Yearling sales have come a long way since the first accurate statistics were compiled over 40 years ago. Back in 1910, for example, in an era when most sales were private, over-the-fence deals, only 550 head passed through a regular auction ring. They averaged a piddling $325 per horse. Last year 1,783 yearlings went through U.S. sales rings, costing their buyers $8,953,550, or an average of $5,021.62.

Beginning next week in Lexington, Ky. the auctioneers expect that 1959 will bring a new record in their total annual sales. And the country's two major auction companies already have reputations tough to beat. Lexington's Breeders' Sales Co., which conducts its 16th annual auctions July 27, 28, 29, still holds the mark: 235 yearlings in the 1957 sales averaged an amazing $11,789 (the 145 colts in that sale averaged an even more amazing $13,667). The Fasig-Tipton Company, whose swankiest sales will be held at Saratoga August 10-14, hopes to surpass last year's average of $8,671 for 240 yearlings, while at Del Mar in California on August 3 and 4 the progressive California Thoroughbred Breeders Association, whose sale is also conducted by Fasig-Tipton, figures to top the 1958 figure of 90 head going for an average of $7,111.

DIAMONDS AND HARD BOOTS

Each of these two major companies is as different from the other as is the diamond-studded lady who attends the one from the hard-boot ex-jockey who is a ringsider at the other. Fasig-Tipton Company, headed up by bespectacled Humphrey Finney, conducts its Saratoga business in an atmosphere which combines Royal Ascot and Deauville with all the potential wealth of the Thoroughbred industry in a gay holiday mood. The Saratoga race meeting is in progress during August. It draws people with money, and Fasig-Tipton graciously relieves them of large bundles of it.

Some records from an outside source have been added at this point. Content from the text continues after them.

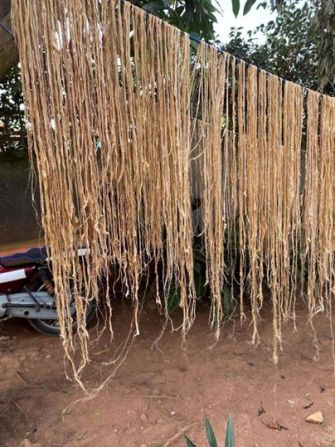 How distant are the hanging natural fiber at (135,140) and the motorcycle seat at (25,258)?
1566 mm

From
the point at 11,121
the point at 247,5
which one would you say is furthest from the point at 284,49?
the point at 11,121

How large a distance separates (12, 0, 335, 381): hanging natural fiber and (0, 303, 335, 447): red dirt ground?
2.72 feet

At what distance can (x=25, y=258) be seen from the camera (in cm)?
291

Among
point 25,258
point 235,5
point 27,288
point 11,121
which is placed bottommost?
point 27,288

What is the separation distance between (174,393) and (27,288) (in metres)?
1.35

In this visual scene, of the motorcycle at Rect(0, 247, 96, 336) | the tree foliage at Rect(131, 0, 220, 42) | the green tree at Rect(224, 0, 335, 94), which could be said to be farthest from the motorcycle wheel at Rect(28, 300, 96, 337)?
the green tree at Rect(224, 0, 335, 94)

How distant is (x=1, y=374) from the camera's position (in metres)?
2.65

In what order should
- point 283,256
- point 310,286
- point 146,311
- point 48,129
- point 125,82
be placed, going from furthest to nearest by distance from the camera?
1. point 146,311
2. point 310,286
3. point 283,256
4. point 125,82
5. point 48,129

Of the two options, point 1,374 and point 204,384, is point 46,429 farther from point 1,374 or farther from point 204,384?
point 204,384

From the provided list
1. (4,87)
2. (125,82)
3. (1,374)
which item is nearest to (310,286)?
(125,82)

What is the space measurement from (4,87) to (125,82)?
293 cm

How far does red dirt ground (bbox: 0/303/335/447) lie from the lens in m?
1.99

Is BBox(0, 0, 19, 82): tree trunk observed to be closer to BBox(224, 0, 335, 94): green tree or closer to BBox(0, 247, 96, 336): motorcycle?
BBox(0, 247, 96, 336): motorcycle

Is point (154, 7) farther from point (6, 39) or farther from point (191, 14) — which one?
point (6, 39) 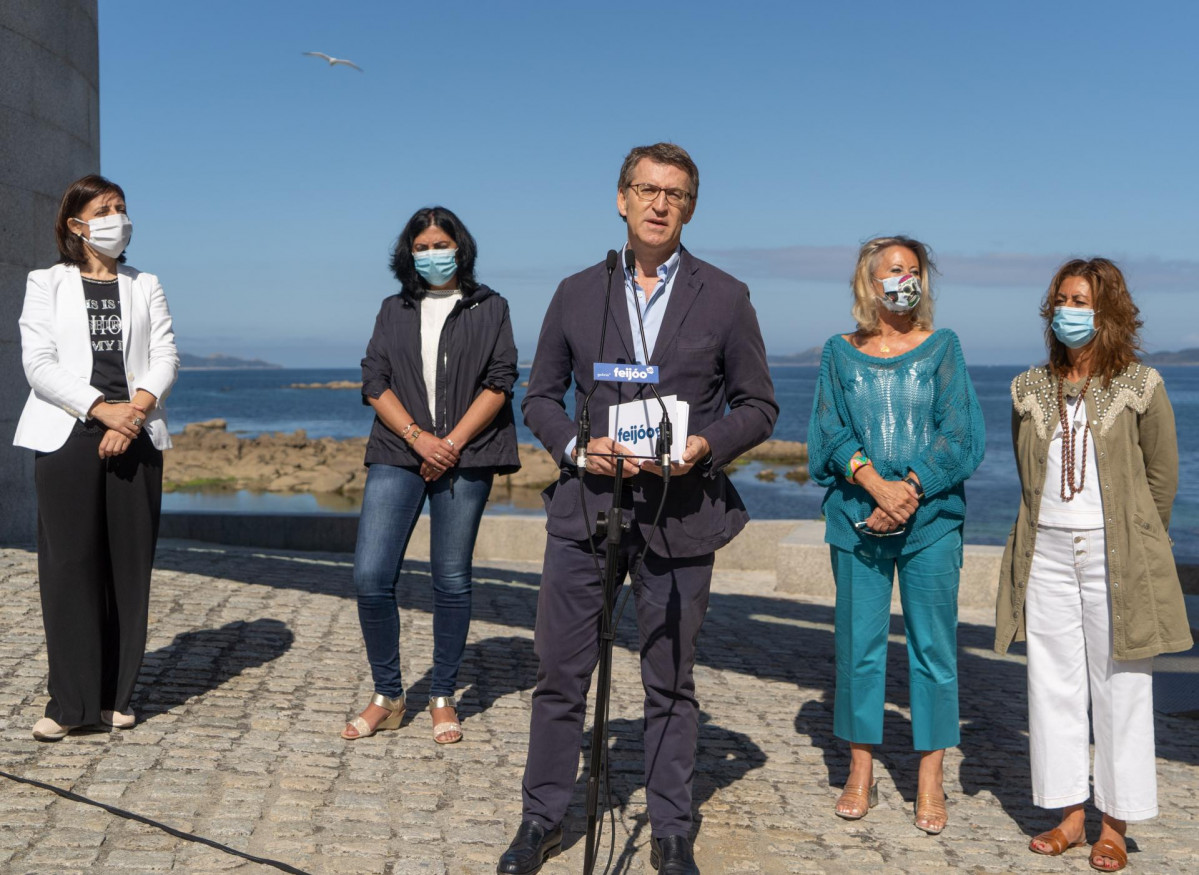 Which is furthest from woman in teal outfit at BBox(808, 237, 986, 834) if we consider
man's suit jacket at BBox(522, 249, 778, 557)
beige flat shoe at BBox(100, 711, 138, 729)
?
beige flat shoe at BBox(100, 711, 138, 729)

In the enclosed air-conditioned pavilion of the Breeders' Sales Co. in Lexington are to be found horsemen from all over, ranging from the local farm managers through packed rows of bankroll-bulging Texans and bargain-hunting Californians. The majority of eastern owners prefer to send an agent or trainer to Lexington.

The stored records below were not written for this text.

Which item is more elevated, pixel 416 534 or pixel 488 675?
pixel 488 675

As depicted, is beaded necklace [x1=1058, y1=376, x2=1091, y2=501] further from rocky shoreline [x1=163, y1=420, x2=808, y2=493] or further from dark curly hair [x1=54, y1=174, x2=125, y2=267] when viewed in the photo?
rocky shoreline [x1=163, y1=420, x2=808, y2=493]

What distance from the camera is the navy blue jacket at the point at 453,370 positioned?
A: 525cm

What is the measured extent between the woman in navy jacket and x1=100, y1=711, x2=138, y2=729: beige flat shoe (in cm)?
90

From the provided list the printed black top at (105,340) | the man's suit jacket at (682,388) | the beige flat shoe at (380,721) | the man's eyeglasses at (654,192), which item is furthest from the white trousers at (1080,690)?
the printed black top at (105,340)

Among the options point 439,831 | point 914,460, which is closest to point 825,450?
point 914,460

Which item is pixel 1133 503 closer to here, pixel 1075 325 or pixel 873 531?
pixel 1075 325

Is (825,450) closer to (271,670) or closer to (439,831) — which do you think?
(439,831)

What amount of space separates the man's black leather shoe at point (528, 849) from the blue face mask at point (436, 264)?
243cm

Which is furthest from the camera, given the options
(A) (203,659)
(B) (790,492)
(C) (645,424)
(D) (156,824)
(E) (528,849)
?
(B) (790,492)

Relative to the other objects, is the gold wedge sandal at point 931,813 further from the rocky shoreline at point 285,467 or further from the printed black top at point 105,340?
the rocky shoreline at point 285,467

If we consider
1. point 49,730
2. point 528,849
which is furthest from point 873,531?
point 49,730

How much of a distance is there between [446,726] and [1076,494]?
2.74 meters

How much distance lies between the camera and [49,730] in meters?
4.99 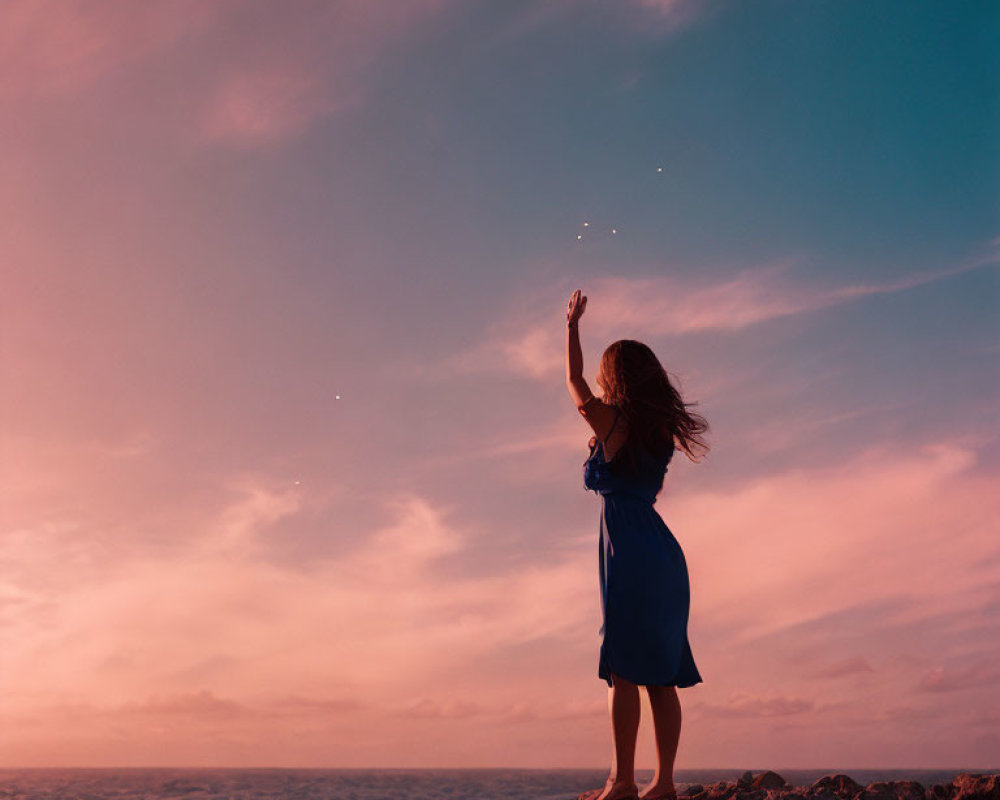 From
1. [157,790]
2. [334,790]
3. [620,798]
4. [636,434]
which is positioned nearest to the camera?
[620,798]

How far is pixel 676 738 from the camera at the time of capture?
5.93 meters

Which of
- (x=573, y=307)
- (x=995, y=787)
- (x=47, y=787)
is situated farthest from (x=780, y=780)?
(x=47, y=787)

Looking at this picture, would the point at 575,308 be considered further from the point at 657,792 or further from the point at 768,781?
the point at 768,781

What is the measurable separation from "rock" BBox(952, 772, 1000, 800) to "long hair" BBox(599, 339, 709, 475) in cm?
343

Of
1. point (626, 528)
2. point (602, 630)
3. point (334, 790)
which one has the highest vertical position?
point (626, 528)

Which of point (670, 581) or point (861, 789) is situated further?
point (861, 789)

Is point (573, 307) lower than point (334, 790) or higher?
higher

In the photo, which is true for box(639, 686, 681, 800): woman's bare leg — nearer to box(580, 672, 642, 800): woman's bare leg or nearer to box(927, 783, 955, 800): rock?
box(580, 672, 642, 800): woman's bare leg

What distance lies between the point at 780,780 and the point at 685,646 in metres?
2.11

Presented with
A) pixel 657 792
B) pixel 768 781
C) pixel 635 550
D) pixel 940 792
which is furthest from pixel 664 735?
pixel 940 792

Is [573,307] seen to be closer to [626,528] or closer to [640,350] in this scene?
[640,350]

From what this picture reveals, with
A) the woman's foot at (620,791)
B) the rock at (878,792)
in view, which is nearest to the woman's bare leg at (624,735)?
the woman's foot at (620,791)

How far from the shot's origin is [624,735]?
567 cm

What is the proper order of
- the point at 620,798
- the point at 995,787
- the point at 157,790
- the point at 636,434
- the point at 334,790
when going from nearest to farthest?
the point at 620,798 < the point at 636,434 < the point at 995,787 < the point at 157,790 < the point at 334,790
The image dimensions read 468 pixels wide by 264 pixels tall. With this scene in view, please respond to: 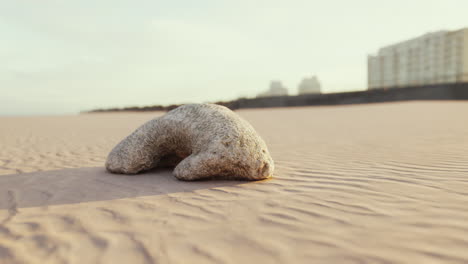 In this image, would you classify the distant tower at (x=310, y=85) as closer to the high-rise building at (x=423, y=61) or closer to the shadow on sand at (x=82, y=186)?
the high-rise building at (x=423, y=61)

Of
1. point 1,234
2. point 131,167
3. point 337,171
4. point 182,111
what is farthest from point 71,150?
point 337,171

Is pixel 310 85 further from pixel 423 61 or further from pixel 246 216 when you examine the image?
pixel 246 216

These who go to Saratoga's sales go for both the sales and the fun. Those who go to Lexington go strictly on business, for no other U.S. sales have managed to satisfy their customers with so many major winners in so brief a period.

Item: Of the slightly fewer than 900 horses which have earned over $100,000 in the entire history of American racing, no fewer than 86 were bought at public auction at the Breeders' Sales Co. Keeneland ring. Some 29 of these have already won over $200,000 (a figure reached by only 18 horses who changed hands one way or the other through the Fasig-Tipton Co.).

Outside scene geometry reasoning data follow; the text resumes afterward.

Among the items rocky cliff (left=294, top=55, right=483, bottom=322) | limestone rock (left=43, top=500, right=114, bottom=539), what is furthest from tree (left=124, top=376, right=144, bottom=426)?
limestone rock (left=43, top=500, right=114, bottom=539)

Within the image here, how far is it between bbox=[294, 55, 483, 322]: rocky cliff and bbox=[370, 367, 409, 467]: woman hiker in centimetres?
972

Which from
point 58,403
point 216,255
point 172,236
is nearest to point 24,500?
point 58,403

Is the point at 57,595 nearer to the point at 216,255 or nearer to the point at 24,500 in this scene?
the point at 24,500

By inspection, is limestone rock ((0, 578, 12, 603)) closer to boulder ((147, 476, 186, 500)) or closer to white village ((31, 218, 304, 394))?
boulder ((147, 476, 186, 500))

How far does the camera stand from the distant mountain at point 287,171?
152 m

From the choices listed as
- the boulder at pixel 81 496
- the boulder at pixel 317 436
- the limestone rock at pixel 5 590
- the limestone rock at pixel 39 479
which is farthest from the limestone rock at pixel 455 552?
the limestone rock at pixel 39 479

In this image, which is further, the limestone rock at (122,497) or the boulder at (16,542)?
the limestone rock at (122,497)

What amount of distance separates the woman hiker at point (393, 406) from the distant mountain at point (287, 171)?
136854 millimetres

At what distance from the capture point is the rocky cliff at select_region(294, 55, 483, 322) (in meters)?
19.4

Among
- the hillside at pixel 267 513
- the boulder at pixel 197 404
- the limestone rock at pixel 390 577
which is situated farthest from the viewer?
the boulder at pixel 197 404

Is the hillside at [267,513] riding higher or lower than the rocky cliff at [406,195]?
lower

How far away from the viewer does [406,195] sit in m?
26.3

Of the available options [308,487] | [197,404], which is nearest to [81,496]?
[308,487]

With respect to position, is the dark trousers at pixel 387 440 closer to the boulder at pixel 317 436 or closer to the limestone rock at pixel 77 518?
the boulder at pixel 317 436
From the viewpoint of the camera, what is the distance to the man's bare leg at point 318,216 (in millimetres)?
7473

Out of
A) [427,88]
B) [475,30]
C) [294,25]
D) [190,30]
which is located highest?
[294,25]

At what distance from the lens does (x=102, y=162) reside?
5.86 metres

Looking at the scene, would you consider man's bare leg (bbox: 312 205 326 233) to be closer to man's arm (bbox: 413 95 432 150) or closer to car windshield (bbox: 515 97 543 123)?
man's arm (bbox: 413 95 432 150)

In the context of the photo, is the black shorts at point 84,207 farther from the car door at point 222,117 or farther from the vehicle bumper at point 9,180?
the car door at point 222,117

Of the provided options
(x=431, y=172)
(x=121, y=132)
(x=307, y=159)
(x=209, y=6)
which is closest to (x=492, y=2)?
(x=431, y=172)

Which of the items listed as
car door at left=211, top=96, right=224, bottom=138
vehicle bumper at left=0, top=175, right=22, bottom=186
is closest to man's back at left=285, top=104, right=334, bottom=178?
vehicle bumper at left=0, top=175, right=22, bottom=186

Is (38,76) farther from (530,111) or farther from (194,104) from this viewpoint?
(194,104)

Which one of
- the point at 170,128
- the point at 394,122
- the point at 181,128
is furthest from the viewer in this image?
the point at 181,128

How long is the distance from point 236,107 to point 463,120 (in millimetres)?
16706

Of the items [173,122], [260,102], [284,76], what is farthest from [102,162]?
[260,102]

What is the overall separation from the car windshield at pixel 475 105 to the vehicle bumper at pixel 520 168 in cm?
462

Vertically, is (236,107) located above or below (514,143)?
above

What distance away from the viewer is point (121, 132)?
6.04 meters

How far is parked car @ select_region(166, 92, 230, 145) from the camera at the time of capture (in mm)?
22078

Item: Since 1945 four of the winners of the Kentucky Derby (Hoop Jr., Jet Pilot, Dark Star and Determine) were acquired from the Keeneland ring.

Item: Although no horse has won racing's Triple Crown since Citation did it in 1948, the Breeders' Sales Co. scored a unique "triple crown" victory in 1954 when three of its sales products—with a total purchase value of only $45,300—won racing's three major classics. Determine ($12,000) won the Derby; Hasty Road ($23,100) the Preakness, and High Gun ($10,200) the Belmont and the 3-year-old championship.